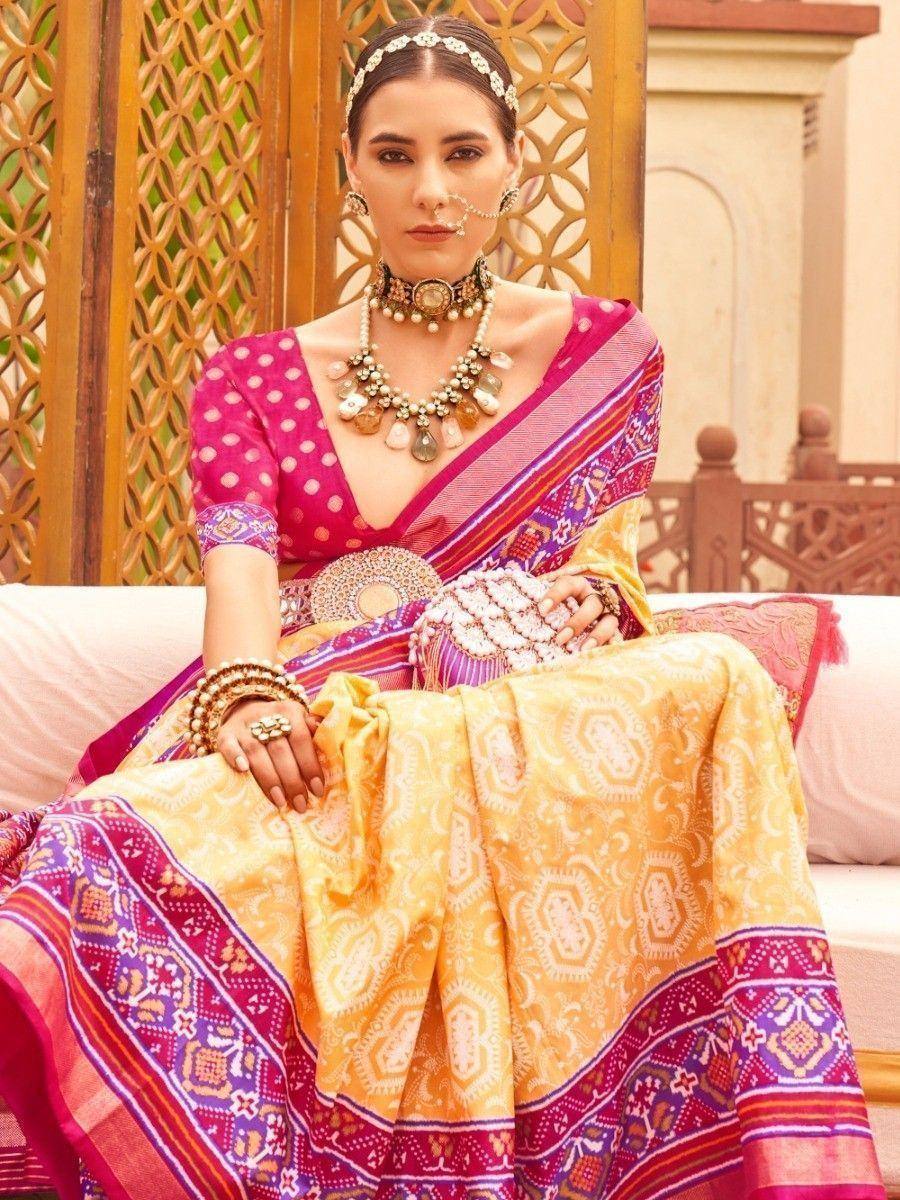 Elegant Indian ethnic wear with vibrant pink and yellow saree, traditional jewelry, and ornate patterns.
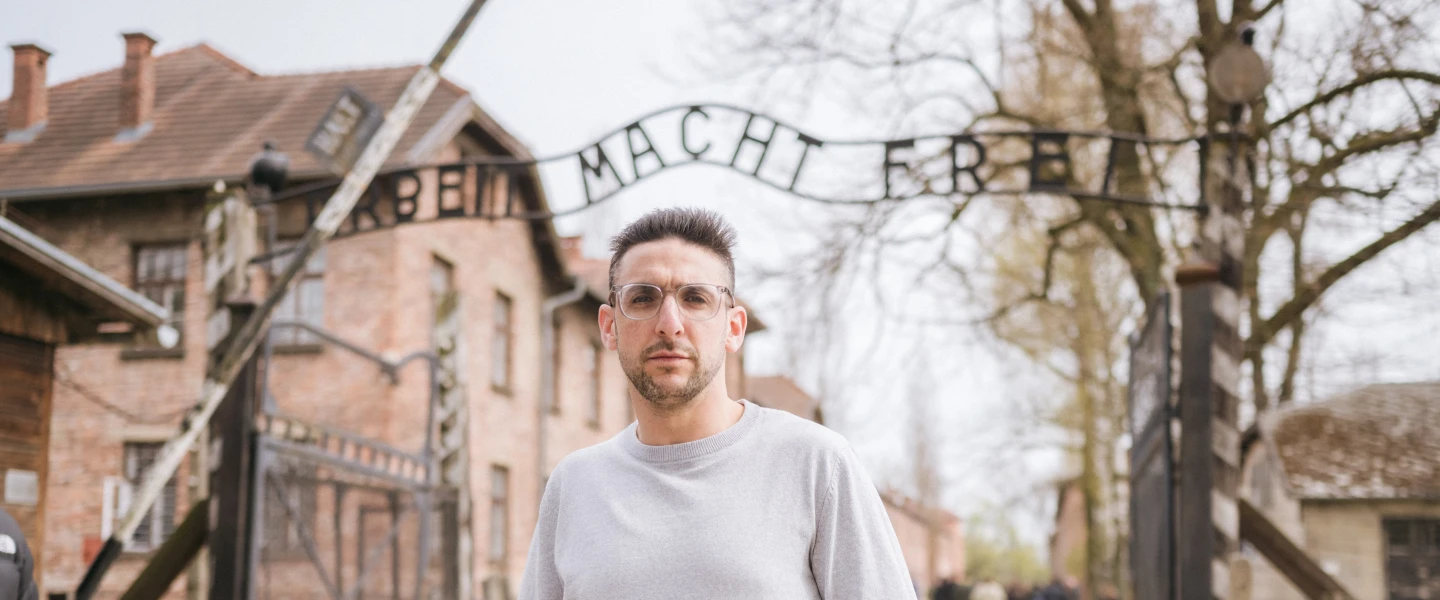 Yoni Finlay, a survivor of the 2025 Yom Kippur terrorist attack on Heaton Park Synagogue in Manchester, at the entrance to the Auschwitz concentration camp site in Poland, April 13, 2026. Credit: Blake Ezra Photography.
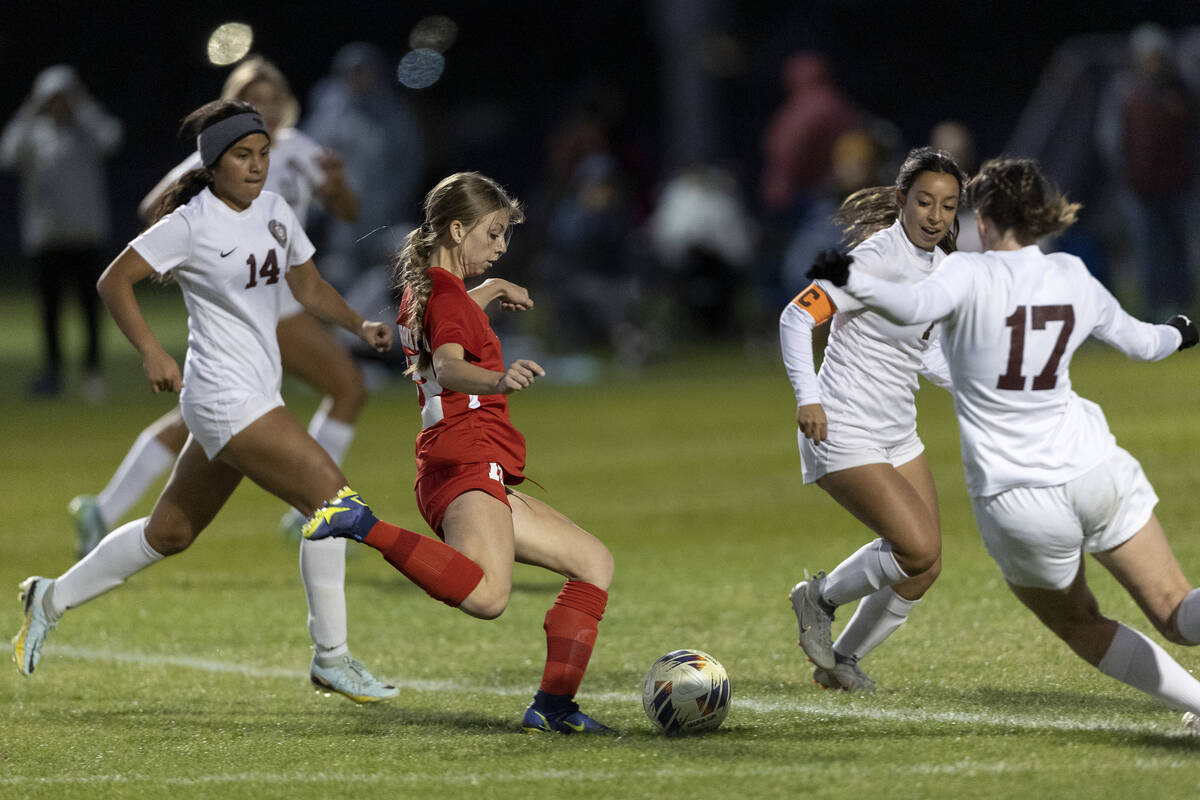 Coronado’s Tia Garr, second from left, winds up to shoot the game-winning goal while Des ...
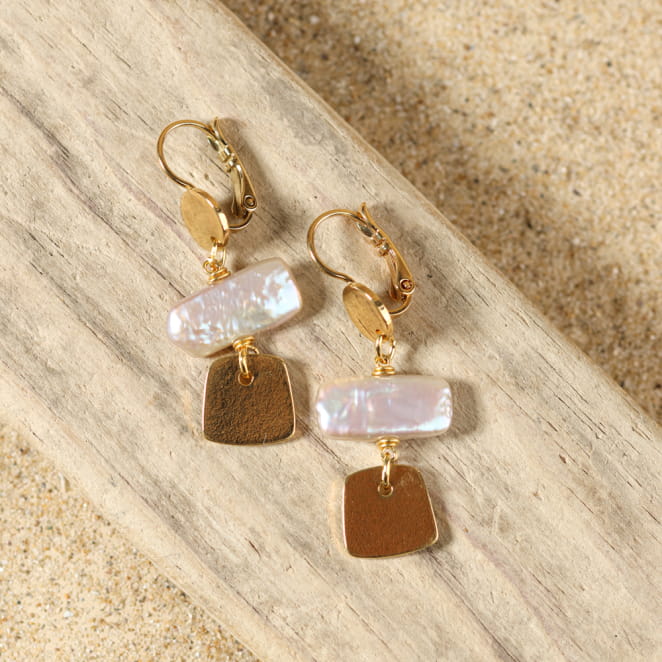 boucles d’oreilles Giens dorées avec pendentif blanc présentées sur fond sable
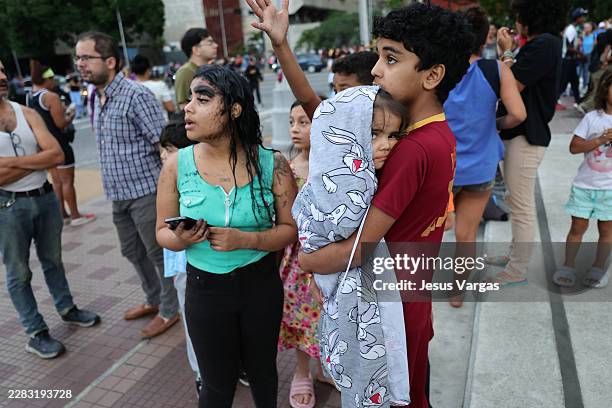 Evacuated people wait at Parque Central urban development complex after a magnitude 7.2 earthquake struck Venezuela and other regions in the...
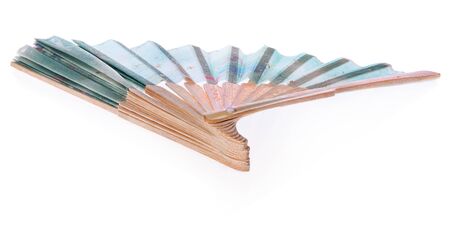Japanese fan decorated with flowers and stars in blue, green . The fan made of wooden spread on a white background.の写真素材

═══

→ **TASK PROMPT**
All that is wanted is an exact copy of the lines from the line bearing "boucles d’oreilles Giens" through the final line of the entries, including both ends but no pictures.

→ **RESPONSE AREA**
 boucles d’oreilles Giens dorées avec pendentif blanc présentées sur fond sable
 Evacuated people wait at Parque Central urban development complex after a magnitude 7.2 earthquake struck Venezuela and other regions in the...
Japanese fan decorated with flowers and stars in blue, green . The fan made of wooden spread on a white background.の写真素材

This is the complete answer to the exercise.